2. Atrial fibrillation, larger tumor size, and an increased left atrial diameter.[12]

The tumor location (left or right atrium) and/or presence of a persistent foramen ovale will determine the site of embolism.[13]

Neurologic symptoms will occur in ∼ 30% of patients with an atrial myxoma, and in almost half of these, the neurologic manifestation will precede the cardiac symptoms.[14]

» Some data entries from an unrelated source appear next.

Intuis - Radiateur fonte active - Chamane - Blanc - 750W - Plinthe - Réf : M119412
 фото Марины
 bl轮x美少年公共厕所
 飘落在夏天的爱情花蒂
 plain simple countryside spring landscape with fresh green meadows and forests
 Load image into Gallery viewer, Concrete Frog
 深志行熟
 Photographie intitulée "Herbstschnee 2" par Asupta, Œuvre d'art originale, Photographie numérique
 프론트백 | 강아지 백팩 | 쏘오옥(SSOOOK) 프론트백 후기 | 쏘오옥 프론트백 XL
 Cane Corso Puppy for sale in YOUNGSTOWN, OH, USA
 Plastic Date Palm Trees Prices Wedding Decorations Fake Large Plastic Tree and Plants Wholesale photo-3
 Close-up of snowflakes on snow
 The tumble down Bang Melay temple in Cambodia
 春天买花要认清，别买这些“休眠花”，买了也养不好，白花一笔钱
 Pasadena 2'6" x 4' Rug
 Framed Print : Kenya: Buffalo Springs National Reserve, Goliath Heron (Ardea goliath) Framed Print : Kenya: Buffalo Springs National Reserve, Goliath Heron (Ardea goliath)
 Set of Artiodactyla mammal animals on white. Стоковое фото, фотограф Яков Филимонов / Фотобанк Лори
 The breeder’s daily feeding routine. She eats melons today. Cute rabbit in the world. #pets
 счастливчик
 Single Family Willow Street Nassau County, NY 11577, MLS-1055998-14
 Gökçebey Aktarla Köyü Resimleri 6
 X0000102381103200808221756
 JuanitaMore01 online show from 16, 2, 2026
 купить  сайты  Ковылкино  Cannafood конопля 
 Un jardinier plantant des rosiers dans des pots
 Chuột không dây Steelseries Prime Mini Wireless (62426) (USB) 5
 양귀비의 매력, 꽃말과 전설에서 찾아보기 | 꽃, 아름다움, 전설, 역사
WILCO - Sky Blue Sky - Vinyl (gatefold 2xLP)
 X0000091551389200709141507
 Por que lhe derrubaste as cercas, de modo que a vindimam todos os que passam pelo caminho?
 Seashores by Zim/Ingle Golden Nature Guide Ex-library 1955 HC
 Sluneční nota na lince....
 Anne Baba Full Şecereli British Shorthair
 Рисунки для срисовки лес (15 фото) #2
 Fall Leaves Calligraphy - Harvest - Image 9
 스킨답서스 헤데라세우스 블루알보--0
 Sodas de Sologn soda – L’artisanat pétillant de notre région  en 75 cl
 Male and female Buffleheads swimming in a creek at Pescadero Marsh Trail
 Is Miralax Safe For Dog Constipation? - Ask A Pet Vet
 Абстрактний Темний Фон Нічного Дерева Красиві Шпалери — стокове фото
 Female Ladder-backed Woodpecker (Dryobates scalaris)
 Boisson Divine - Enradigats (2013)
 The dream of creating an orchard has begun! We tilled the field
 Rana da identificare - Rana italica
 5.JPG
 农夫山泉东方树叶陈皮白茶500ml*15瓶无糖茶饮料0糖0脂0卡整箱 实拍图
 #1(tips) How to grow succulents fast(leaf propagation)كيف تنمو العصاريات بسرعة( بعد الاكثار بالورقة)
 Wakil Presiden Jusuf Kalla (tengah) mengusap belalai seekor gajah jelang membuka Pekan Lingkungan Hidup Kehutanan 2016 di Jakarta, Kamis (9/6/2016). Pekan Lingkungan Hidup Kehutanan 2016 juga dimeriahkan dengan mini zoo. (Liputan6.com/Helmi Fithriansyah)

Three distinct neurological presentations have been described:[15]

1. Embolic ischemic stroke.

2. Intracranial aneurysms.

3. Intracranial metastases (the most uncommon presentation).

The aneurysm cases we present here are of two women, both with multiple lesions. We will summarize the characteristics and treatment options of these aneurysmal lesions.

The initial presentation of both patients was tonic-clonic seizures. Patient 1 did not bleed, but patient 2 had a hemorrhagic stroke due to a ruptured distal fusiform aneurysm. Only after that, the cardiac myxoma was found.

Also, in both patients, the main patterns of aneurysm distribution were multiplicity and always had a distal location. The topography was most frequently in the MCA and PICA territories, but also in the PCA. No aneurysm was found in the ACA territory. The shape of the lesions was always fusiform. In patient 2, there were significant irregularities in the PICA aneurysms ([Fig. 1]), which indicated test occlusion and occlusion, if possible, but the parents did not accept the risks.

In patient 2, some aneurysms coexisted with hypodense areas on MRI (old hemorrhagic sites), which presented as gyral pattern of marked signal loss on T2WI and SWI. Of note, homogenous enhancement surrounding the aneurysms was detected on contrast-enhanced MRI.

The neurologic presentation may occur before, at the time, months or even years[16] after the clinical manifestation or diagnosis of the primary tumor. In our cases, the presentation consisted of seizures and only after the imaging features of the brain (MRI angiography) it was thought to be related to an embolic event.

The histopathological type of both tumors was papillary myxoma. The mobility, but not the size of the myxoma appears to be related to the embolic potential,[3] and the friable and gelatinous papillary myxomas embolize more often than solid lesions.

All patients had multiple fusiform aneurysms in distal locations. There are three hypotheses for the genesis of these lesions:[3]

1. Embolic fragments of the tumor leading initially to vascular occlusion and destruction of the arterial wall and/or myxoma cells would proliferate without apoptosis, leading to occlusion.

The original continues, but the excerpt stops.